The bright side for branded manufacturers are for their new drugs (< 24 months old). These actually grew by $0.5 B to a total of $10.8 B. These all fell into the specialty category with drugs like - Incivek (hep C), Eylea (macular degeneration), Xgeva (bone drug), Gilenya (MS), and Yervoy (melanoma). At least the FDA is on an upward trend with approvals, so there may be hope for a continued flow of more new drugs to bolster brand name revenues.
However, the next wave over the patent cliff is also still coming. Here's a report from the end of last year in Fierce Biotech that outlines the next 15 top sellers to go off patent this year.
Fierce Biotech yesterday reported that R&D spending was up as many significant biotechs -- like Gilead, Amgen, Celgene, Shire, Regeneron, Onyx and Biomarin. In other words, many of the darlings of biotech investors -- companies who have experienced significant share price appreciation of late. Overall, the top 10 biotechs spent $11.8 B on R&D in 2012 -- nearly a 15% increase over the prior year.
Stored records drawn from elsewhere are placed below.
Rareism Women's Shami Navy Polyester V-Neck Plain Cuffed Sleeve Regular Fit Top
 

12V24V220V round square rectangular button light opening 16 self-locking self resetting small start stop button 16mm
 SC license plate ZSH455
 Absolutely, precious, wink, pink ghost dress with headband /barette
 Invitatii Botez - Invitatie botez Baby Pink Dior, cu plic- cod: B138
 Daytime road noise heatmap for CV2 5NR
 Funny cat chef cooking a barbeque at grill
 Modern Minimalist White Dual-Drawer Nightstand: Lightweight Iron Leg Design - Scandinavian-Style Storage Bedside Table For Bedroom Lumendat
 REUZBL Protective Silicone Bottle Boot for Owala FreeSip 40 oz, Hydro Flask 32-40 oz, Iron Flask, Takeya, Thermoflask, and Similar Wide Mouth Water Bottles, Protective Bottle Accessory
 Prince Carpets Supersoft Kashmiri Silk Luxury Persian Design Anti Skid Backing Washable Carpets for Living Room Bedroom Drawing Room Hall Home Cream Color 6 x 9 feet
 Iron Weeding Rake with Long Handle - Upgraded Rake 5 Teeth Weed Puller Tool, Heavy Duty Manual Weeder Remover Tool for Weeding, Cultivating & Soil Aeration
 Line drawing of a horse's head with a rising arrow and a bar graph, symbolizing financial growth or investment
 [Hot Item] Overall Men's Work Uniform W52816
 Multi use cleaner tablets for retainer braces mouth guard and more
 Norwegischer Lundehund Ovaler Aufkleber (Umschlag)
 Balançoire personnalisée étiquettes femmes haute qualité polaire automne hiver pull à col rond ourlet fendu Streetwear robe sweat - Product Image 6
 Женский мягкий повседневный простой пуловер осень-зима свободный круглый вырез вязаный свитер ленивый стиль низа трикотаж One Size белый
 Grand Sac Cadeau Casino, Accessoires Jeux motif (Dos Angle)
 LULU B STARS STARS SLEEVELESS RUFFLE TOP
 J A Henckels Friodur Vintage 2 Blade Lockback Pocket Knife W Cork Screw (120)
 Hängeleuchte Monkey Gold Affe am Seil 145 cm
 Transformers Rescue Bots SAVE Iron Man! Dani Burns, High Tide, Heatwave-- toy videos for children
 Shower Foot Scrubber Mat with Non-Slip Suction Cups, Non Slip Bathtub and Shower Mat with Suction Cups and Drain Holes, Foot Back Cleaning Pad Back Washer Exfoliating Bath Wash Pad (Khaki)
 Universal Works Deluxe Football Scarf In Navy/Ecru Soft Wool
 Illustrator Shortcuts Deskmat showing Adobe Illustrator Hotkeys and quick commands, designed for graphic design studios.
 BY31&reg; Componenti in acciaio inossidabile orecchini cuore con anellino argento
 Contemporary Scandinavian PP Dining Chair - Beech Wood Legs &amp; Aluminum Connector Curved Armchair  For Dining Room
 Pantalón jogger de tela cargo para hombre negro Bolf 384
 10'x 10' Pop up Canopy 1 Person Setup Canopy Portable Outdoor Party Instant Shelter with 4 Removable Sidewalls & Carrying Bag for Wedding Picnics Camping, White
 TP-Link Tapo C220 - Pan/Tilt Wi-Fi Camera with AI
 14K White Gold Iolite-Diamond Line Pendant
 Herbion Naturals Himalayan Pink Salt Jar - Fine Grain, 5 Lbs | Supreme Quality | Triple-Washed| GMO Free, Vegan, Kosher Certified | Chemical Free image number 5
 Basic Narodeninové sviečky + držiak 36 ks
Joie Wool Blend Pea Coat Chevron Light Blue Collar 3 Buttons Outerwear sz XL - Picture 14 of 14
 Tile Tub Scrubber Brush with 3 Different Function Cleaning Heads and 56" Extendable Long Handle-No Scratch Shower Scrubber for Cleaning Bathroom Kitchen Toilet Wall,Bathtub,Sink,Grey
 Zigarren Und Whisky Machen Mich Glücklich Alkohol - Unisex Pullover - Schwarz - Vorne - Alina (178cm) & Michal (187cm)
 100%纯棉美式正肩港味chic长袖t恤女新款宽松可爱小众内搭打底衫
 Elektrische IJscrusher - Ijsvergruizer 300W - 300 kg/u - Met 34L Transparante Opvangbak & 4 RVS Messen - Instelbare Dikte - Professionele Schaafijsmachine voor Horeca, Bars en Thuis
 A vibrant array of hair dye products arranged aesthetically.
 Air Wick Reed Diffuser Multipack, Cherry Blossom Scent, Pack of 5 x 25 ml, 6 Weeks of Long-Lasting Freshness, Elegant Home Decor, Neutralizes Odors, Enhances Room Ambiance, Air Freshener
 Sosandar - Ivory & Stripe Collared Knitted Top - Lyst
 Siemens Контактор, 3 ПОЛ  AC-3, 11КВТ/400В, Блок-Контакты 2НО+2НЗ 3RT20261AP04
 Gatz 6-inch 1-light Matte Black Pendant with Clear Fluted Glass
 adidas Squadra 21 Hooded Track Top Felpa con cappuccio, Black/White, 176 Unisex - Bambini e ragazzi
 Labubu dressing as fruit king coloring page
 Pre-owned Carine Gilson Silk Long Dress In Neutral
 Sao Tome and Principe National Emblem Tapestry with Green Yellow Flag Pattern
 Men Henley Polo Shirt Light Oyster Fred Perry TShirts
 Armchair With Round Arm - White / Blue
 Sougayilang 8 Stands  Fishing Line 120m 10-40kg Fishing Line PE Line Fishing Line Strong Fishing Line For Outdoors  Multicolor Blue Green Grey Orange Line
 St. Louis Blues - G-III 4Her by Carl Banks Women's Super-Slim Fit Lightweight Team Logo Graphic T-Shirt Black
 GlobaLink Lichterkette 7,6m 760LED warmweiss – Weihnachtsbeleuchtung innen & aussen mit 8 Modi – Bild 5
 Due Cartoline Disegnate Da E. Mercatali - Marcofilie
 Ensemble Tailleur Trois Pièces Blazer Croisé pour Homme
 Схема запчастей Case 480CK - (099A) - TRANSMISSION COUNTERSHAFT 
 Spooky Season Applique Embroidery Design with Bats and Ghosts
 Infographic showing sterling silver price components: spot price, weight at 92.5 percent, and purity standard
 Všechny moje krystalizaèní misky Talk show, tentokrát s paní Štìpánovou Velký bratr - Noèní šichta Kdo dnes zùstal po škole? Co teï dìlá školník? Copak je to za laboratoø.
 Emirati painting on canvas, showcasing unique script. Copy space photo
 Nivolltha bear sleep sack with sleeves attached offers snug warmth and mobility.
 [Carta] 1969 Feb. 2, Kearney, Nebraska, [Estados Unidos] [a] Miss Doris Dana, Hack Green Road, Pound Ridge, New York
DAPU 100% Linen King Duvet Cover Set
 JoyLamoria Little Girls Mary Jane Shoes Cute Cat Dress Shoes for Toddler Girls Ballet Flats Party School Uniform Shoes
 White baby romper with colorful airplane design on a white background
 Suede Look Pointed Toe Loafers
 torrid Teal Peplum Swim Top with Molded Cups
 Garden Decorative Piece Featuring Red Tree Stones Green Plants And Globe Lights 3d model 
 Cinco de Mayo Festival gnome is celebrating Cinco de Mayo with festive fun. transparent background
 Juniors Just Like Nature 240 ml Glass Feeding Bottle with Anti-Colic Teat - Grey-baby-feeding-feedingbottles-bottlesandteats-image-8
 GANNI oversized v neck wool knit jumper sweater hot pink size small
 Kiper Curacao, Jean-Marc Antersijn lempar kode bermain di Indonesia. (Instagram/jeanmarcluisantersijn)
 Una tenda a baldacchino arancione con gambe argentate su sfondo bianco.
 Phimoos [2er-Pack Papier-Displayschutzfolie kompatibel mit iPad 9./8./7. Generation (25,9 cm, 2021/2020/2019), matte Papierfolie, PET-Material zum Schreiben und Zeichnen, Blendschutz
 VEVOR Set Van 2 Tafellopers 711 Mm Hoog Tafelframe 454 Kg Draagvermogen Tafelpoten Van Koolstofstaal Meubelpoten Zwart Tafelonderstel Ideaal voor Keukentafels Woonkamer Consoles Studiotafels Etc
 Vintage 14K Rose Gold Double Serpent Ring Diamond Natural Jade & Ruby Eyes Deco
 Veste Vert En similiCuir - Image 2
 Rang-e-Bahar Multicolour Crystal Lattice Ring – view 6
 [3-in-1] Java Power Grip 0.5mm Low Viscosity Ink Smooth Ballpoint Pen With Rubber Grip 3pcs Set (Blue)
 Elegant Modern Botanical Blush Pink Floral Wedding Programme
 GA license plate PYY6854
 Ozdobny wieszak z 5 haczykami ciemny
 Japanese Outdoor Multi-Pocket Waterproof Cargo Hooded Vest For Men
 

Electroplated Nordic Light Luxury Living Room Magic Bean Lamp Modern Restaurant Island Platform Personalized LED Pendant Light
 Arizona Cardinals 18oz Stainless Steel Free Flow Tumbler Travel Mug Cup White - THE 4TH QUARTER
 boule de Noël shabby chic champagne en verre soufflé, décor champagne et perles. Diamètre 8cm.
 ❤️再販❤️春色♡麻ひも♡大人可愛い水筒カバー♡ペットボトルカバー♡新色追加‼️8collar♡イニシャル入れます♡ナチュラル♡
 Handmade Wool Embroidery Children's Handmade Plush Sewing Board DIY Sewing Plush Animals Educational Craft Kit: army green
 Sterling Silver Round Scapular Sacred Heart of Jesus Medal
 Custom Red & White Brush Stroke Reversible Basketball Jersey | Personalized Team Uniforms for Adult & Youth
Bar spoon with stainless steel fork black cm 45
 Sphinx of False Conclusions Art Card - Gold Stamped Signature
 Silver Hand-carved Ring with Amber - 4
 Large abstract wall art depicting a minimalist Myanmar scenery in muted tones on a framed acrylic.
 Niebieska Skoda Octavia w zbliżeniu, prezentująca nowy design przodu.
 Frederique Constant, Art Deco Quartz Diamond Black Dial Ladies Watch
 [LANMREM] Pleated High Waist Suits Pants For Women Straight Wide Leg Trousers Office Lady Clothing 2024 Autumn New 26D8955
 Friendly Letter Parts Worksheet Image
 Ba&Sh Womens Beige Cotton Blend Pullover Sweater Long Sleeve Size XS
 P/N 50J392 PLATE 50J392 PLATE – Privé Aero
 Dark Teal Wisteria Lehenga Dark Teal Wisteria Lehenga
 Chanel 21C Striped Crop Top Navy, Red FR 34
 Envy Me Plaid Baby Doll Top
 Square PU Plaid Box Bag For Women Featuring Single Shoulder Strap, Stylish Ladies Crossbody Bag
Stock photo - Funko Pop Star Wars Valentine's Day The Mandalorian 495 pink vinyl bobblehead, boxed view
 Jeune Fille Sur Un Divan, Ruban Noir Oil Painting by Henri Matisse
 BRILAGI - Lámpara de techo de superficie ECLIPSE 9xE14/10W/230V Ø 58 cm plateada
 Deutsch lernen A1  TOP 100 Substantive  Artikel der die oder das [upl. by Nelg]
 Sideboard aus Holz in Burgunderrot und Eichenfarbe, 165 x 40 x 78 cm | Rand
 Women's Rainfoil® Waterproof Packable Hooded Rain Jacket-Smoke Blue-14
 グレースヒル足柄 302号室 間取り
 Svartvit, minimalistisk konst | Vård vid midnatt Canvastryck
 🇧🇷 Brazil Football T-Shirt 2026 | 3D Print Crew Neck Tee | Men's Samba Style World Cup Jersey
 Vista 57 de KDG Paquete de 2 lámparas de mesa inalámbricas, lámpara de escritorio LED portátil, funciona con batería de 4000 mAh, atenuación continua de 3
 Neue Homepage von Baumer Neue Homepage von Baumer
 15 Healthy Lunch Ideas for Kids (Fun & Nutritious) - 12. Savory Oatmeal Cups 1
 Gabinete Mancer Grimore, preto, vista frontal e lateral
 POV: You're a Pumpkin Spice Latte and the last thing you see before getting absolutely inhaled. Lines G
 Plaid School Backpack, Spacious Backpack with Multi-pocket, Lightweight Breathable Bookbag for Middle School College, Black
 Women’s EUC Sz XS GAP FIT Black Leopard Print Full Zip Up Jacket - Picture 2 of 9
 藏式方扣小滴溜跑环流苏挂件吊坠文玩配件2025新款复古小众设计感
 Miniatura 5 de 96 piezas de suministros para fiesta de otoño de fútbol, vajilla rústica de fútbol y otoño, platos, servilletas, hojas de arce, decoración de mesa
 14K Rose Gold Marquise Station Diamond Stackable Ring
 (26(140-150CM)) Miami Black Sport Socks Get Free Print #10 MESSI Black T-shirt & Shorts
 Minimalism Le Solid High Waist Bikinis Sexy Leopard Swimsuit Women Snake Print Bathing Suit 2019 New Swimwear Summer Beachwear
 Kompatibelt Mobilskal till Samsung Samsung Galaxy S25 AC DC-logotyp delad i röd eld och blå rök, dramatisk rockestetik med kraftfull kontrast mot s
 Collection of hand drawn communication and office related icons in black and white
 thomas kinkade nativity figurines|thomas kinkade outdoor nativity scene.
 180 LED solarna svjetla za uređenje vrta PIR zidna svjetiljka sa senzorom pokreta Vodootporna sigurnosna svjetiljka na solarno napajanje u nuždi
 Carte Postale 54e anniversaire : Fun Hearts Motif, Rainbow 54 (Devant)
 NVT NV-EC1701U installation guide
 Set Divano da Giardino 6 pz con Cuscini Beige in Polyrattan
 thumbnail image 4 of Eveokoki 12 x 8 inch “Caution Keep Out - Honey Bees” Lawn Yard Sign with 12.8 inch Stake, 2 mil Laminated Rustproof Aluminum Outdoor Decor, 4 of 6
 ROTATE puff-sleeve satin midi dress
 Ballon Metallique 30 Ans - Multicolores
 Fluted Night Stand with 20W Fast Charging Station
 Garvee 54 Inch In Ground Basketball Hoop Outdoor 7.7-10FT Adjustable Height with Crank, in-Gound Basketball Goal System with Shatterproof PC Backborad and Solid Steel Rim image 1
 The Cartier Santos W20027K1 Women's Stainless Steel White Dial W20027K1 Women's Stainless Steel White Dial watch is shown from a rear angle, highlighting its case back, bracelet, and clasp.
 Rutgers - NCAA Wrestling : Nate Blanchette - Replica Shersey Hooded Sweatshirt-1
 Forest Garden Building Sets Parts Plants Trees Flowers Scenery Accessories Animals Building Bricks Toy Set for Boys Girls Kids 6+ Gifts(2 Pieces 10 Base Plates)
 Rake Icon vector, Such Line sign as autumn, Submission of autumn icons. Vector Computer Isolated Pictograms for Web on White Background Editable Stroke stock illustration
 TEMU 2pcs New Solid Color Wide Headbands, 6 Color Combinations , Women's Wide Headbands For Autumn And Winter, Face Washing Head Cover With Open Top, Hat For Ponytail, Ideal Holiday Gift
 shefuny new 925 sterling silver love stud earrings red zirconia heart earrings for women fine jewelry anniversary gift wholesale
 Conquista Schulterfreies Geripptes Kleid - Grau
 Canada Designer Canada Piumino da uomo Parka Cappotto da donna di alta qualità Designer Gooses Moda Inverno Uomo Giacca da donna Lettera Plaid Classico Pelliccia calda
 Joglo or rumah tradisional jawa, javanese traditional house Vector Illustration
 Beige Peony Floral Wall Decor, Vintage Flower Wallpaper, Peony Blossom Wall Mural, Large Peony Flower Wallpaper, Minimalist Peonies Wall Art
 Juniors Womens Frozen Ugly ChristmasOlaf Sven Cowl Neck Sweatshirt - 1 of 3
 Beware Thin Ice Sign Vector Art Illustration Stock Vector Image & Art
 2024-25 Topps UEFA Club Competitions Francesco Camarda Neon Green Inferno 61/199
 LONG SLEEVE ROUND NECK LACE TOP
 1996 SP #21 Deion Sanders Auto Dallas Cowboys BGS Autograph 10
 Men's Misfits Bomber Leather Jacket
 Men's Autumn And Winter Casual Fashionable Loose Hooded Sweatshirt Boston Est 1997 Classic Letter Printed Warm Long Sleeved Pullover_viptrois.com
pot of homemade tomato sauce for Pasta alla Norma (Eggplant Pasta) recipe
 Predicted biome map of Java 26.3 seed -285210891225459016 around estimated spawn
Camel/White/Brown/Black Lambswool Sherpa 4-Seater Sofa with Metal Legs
So while it may be very trendy in Big Pharma to be trimming the internal R&D budget in favor of seeking outside collaborators or properties to fill the pipeline, focused, smart R&D spending in biotech seems to be working. That suggests R&D spending is not inherently BAD as you could be led to believe if you spent all your time listening to Big Pharma CEOs and their R&D Heads. Rather, R&D appears to require focus with spending on the right projects at the right time -- while minimizing waste -- not eliminating the budget.
This suggests that the top 10 biotechs will continue to thrive and may well find themselves to be the well sought after beauties at the ball. That means possible acquisitions, partnerships or licensing deals on the horizon -- and expect the Big Pharma guys to be the callers.
This post from Patent Docs blog is self-explanatory. Suffice it to say that any hoo-haw over the exhorbitant price of a BRCA diagnostic test at $3000 is -- shall we say overblown. Assertions of this sort couldn't be more wrong-headed. If you want to blame somebody on this front, it is likely more apt to blame a particular insurer for NOT covering the test cost.